860F.01/7–445: Telegram

The Chargé in Czechoslovakia (Klieforth) to the Secretary of State

58. Received today note dated July 3 signed Clementis Acting Minister for Foreign Affairs.

“Referring to my note of 21st June (full text cabled Dept as 37, July [June] 2437) I have pleasure in informing you that during the negotiations of the Czechoslovak Governmental delegation in Moscow from the 22nd to 30th of June 1945 among other points the question of the sojourn of the Russian troops on the territory of the Czechoslovak Republic was discussed. It has been brought to the knowledge of [Page 469] the Czechoslovak Government by the Soviet authorities that approximately on July 5 the major part of the Soviet forces will leave the territory of the Czechoslovak Republic and as long as they remain for the time being in this country will be stationed exclusively near the Czechoslovak German frontier.

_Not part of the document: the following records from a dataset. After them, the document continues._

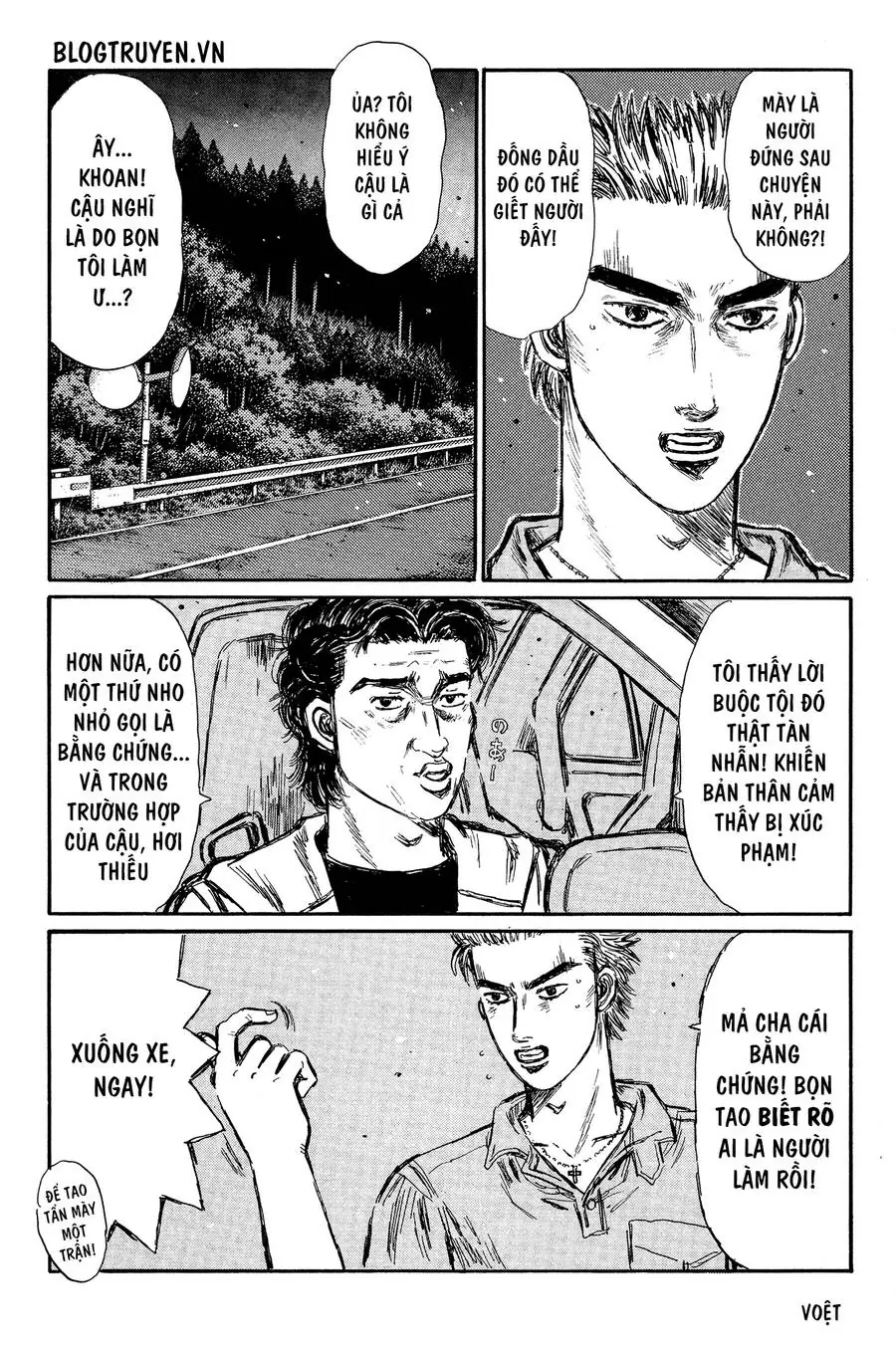 Initial D Chapter 338 - Trang 6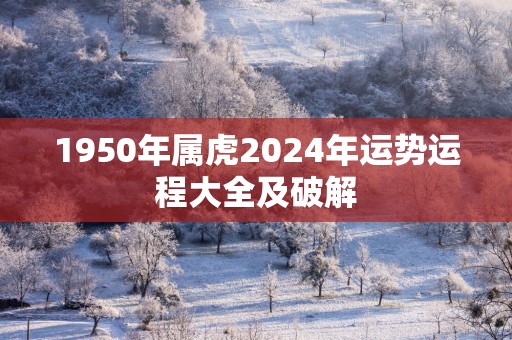 1950年属虎2025年运势运程大全及破解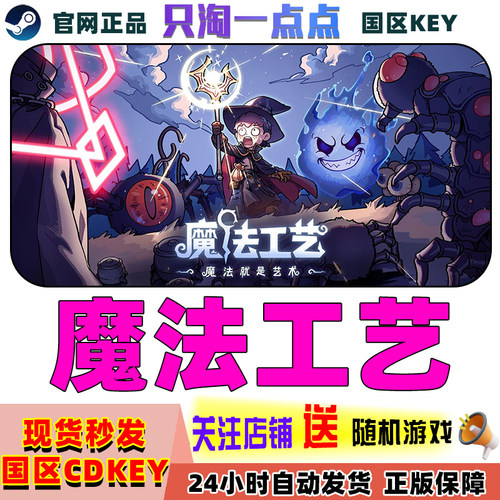 steam正版 魔法工艺  Magicraft 魔法 冒险  国区激活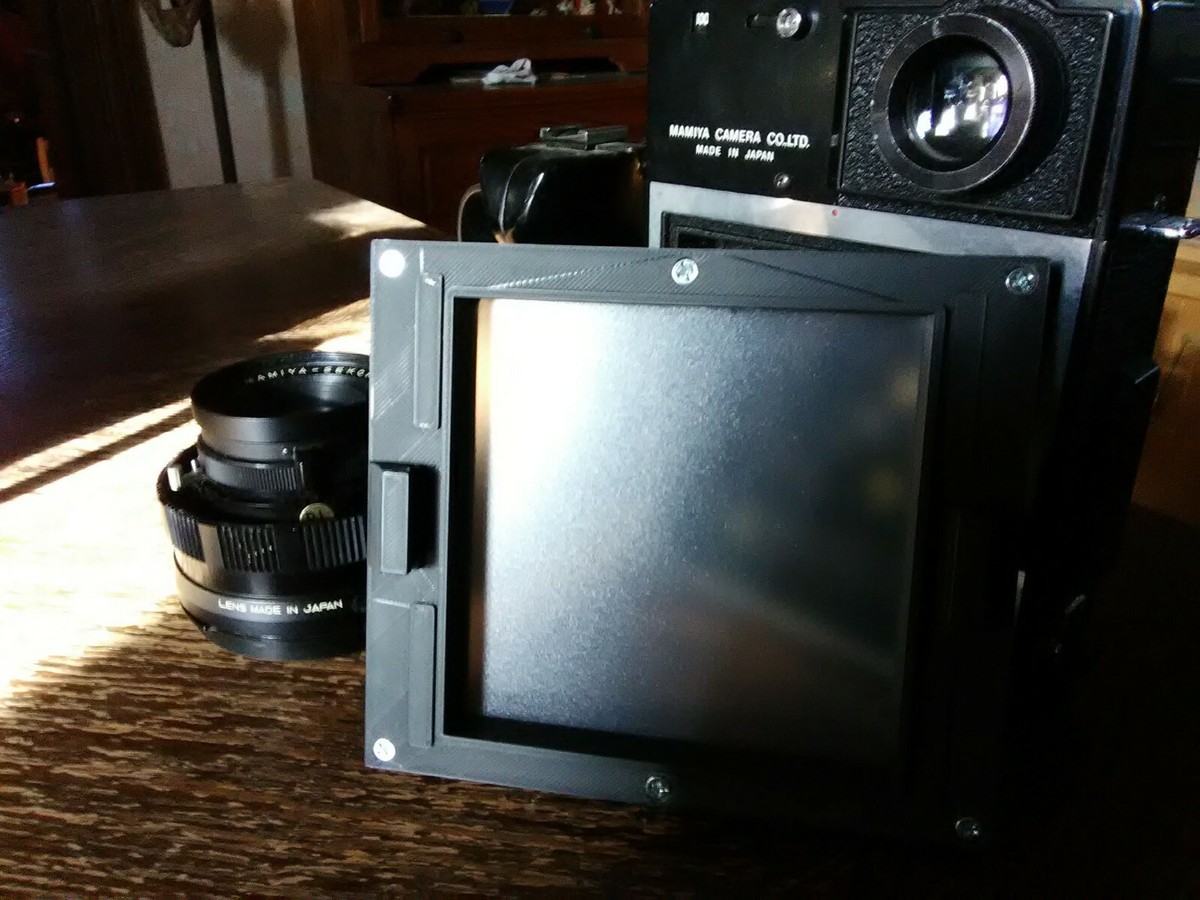 Mamiya Universal Press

In the aforesaid note I had the occasion to point out the difficulties which Czechoslovak Government in their effort for the economic and financial reconstruction are facing and which arise for the Czechoslovak administration out of the fact that the Czechoslovak territory has been and is still divided into two zones in the way of administration supply of provisions and economics. I am therefore again expressing the hope that the Government of the United States of America will as at all times hitherto find full understanding for the difficulties which the liberated states are forced to cope with and to hand over the territory until now occupied by American forces entirely into the hands of Czechoslovak Public bodies.”38

Klieforth
  1. See footnote 22, p. 460.
  2. Telegram 56, July 3 from Prague, reported on a radio speech made by Prime Minister Fierlinger in Prague regarding the outcome of the Soviet-Czechoslovak negotiations in Moscow. In the course of his broadcast, Prime Minister Fierlinger announced that the remaining Soviet military forces would be concentrated in the frontier region adjoining the German borders and the demarcation line separating the United States zone in Germany and Czechoslovak territory. No Soviet garrison would be maintained in the interior except at certain railroad junctions. The Prime Minister stated that it logically followed that the United States forces would withdraw from Czechoslovak territory (860F.014/7–345). For text of Prime Minister Fierlinger’s broadcast, ‘see Louise W. Holborn (ed.), War and Peace Aims of the United Nations: From Casablanca to Tokio Bay, January 1, 1943–September 1, 1945 (Boston, World Peace Foundation, 1948), p. 1043.